# Bitcoin Historical Data Visualization and Analysis with Plotly and Dash

## Project Overview
This notebook aims to explore and visualize Bitcoin historical data to uncover trends and insights in Bitcoin's price movements and trading volume over time. We will use the Bitcoin data available from the [Kaggle Bitcoin Historical Data](https://www.kaggle.com/datasets/mczielinski/bitcoin-historical-data) dataset, and leverage **Plotly** and **Dash** for creating interactive visualizations and dashboards.

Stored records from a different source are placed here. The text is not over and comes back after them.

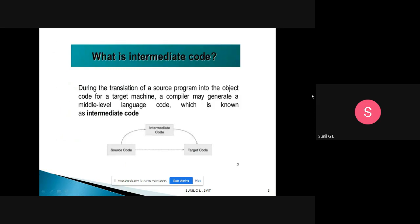What do you mean by intermediate code? During the translation of a source program into an object program — that is, object code for a target machine — a compiler may generate a middle-level language. That middle-level language we call intermediate code. If the source program is in a higher-level language like C and the target is a lower-level language, the intermediate representation may be in assembly-level language.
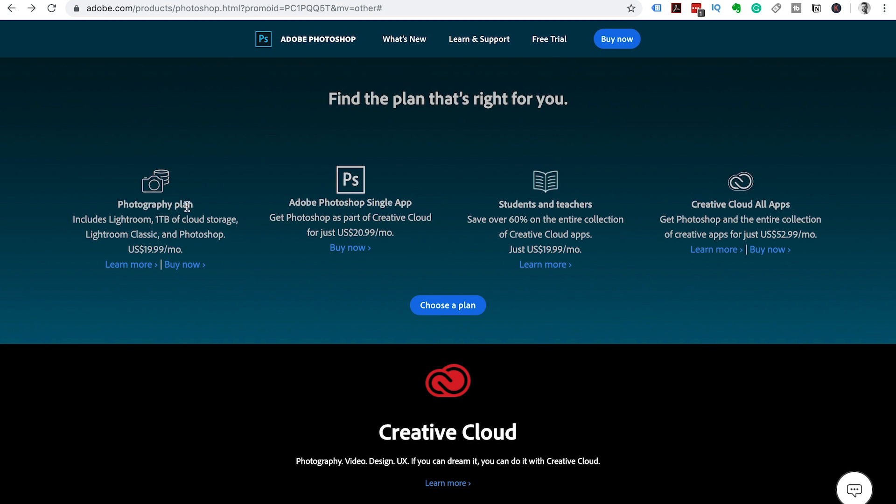Now the photography plan includes Lightroom and one terabyte of cloud storage. If you purchase Adobe Photoshop as a single app right now it's $20.99 USD.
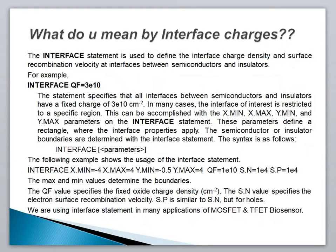Now, moving to the second question: what do you mean by interface charges, and how can you apply interface charges in your device? The interface statement is used to define the interface charge density and surface recombination velocity at the interface between a semiconductor and insulator. For example, using the statement: interface QF=3e10 per centimeter squared.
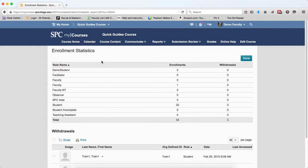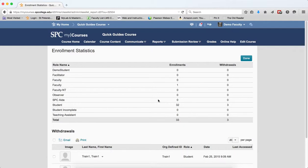The top of the table will show you each role. It will show you the number of enrollments and the number of withdrawals. So in this case you'll see I have 32 students and 3 have been withdrawn.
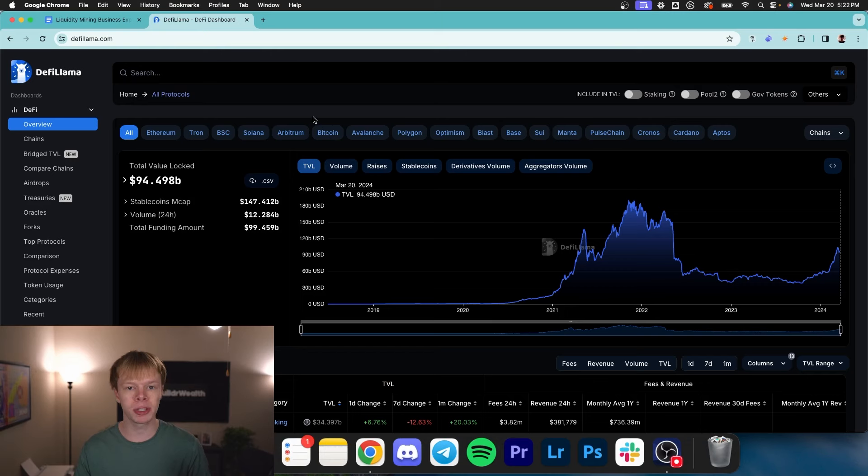Today, I'm going to teach you exactly how you could start your own liquidity mining business and start earning passive income on your crypto assets. Let's hop right in.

### Note on File Size Rendering for Sharing
Due to file size, this notebook may not render fully on some platforms (GITHUB *cough*). To view the graphs and interact with the data, please download and run it locally in Jupyter for full functionality with Dash and Plotly.

### Dataset Columns:
- **Timestamp**: The time of the data point (Unix timestamp).
- **Open**: Opening price of Bitcoin for the given time period.
- **High**: The highest price of Bitcoin during the given time period.
- **Low**: The lowest price of Bitcoin during the given time period.
- **Close**: Closing price of Bitcoin for the given time period.
- **Volume**: The trading volume of Bitcoin in the given time period.

## Goals of the Analysis

### 1. **Data Preprocessing and Cleaning and Exploratory Data Analysis (EDA)**
   - **Load the dataset**: Import the dataset into a Pandas DataFrame.
   - **Handle missing values**: Identify and address any missing data points.
   - **Timestamp conversion**: Convert the Unix timestamps into a human-readable datetime format for easier analysis.
   - **Summary Statistics**: Calculate summary statistics like mean, median, and standard deviation for each numeric column.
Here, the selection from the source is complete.